For a particular query, your system returns 8 relevant documents and 10 non-relevant documents. There are a total of 20 relevant documents in the collection.

  1. What is the precision of the system on this search, and what is its recall?

You know that people will be using your IR system primarily to search for treatments to medical ailments they face. You are trying to decide whether you should improve the recall of your system. Suppose we define a true positive document as: a document which does not just describe the relevant ailment, but also, which contains accurate treatment information for this ailment.

  1. Given the above context, answer the following and be prepared to explain:
    1. Why might you prioritize high precision in this task?
    2. Why might you prioritize high recall in this task?

Precision and recall are relevant metrics not just in IR tasks, but also, in broader NLP tasks. These metrics can have significant consequences not just on the performance of your system, but also on the social impact of your system. For example, let’s consider the role of precision and recall when evaluating a hate speech classifier.

Suppose you implement a hate speech classifier which classifies a Reddit comment as either “toxic” or “benign”. You define true positives, true negatives, false positives, and false negatives as follows (this is sometimes called a confusion matrix):

Term Actual positive Actual negative
Predicted positive True Positive: a comment classified as toxic that is actually toxic False Positive: a comment classified as toxic that is actually benign
Predicted negative False Negative: a comment classified as benign that is actually toxic True Negative: a comment classified as benign that is actually benign

You are trying to decide whether to prioritize precision vs. recall for your system.

If you prioritize precision, your classifier will minimize false positives, meaning it will try not to mis-identify benign speech as toxic. This means the comments you classify as toxic are likely to be actually toxic – but you might miss some toxic comments.

If you prioritize recall, your classifier will minimize false negatives, meaning it will try not to mis-identify toxic speech as benign. This means your classifier will correctly classify most of the existing toxic comments as toxic, but might be over-eager, and classify benign comments as toxic as well.

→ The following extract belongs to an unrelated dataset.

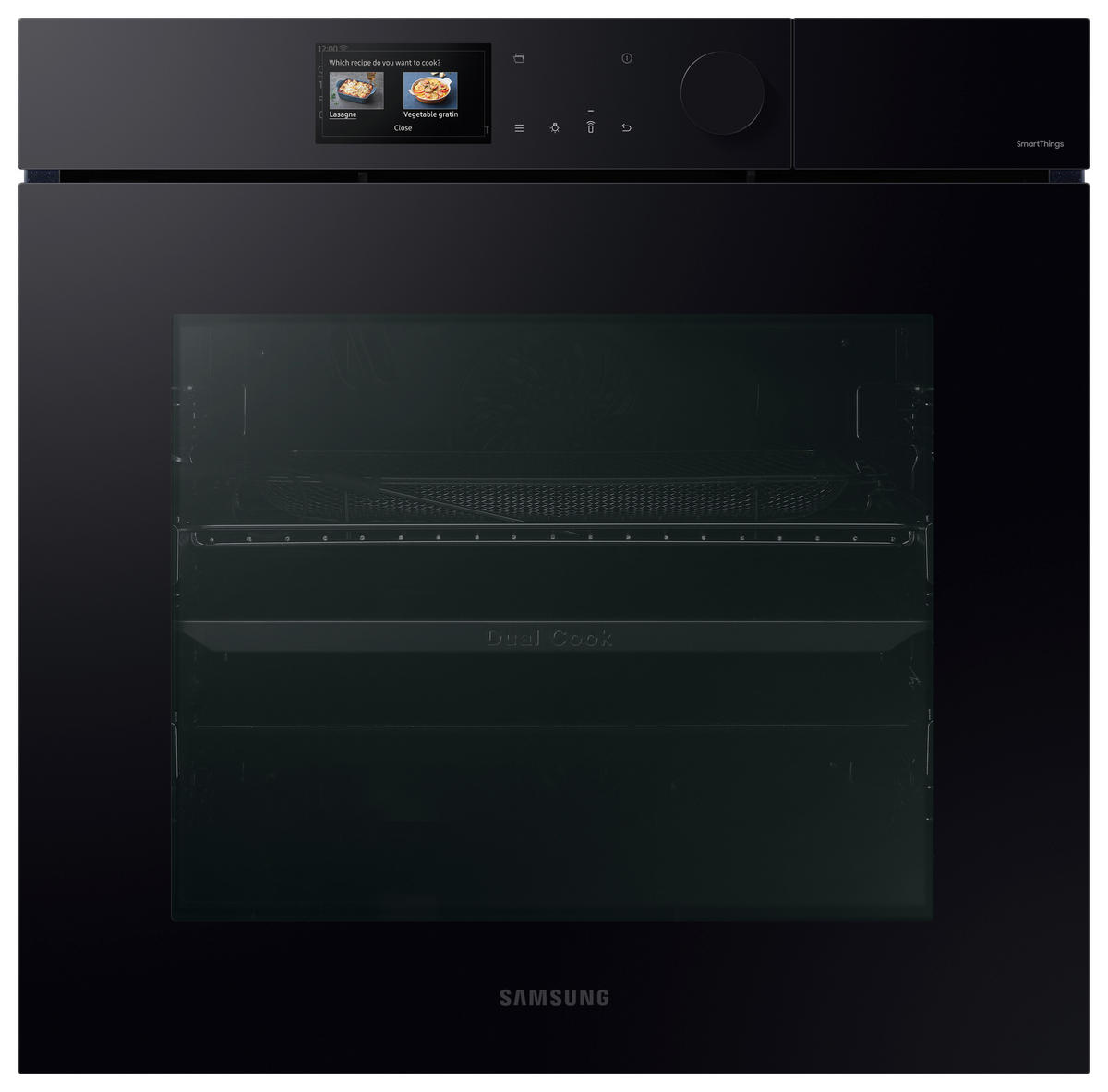 BACKOFEN NV7B7997AAK/U3  - Schwarz, Design, Glas/Metall (59,5/59,5/57,1cm) - Samsung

  1. Discuss the tradeoff between precision and recall in the hate speech classifier, which you would prioritize, and why.

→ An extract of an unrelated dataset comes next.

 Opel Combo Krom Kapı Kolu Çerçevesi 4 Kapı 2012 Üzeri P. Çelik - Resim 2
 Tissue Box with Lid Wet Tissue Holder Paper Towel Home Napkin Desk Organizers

Now that you’ve played around with definitions of precision and recall, it’s time to come up with your own scenarios.

  1. Write a scenario related to an IR or broader NLP task where you would prioritize precision over recall. Make sure you define what a “true positive” is, as in the examples above.

  2. Write a scenario related to an IR or broader NLP task where you would prioritize recall over precision. Make sure you define what a “true positive” is, as in the examples above.

We will now go back to the whole class and discuss group answers for Part 2 in a plenary session.

Part 3: The Right to be Forgotten

In Part 1, we considered the benefits and risks of personalized searches. Some search engines (e.g. DuckDuckGo) address the risks by allowing users to make private searches. They enable private searches by not recording user queries or tracking users at all. This protects the privacy of the searcher.

But what about cases where the search-- whether personalized or not-- is for information about another individual? In these cases, what about the privacy of the searchee (the person being searched)? In the EU’s GDPR Article 17 – The Right to be Forgotten, individuals can require publishers and search engines to take down information about themselves under certain circumstances.

  1. Spend 5 minutes reading more about this regulation at the links below, and any relevant articles you wish to browse:

Then, discuss in your groups the benefits and tradeoffs of taking information down vs. leaving it up. Do you think people should have the right to remove information about themselves from the web? In which circumstances? Be prepared to share your responses with the rest of the class.

We will now go back to the whole class and discuss group answers for Part 3 in a plenary session.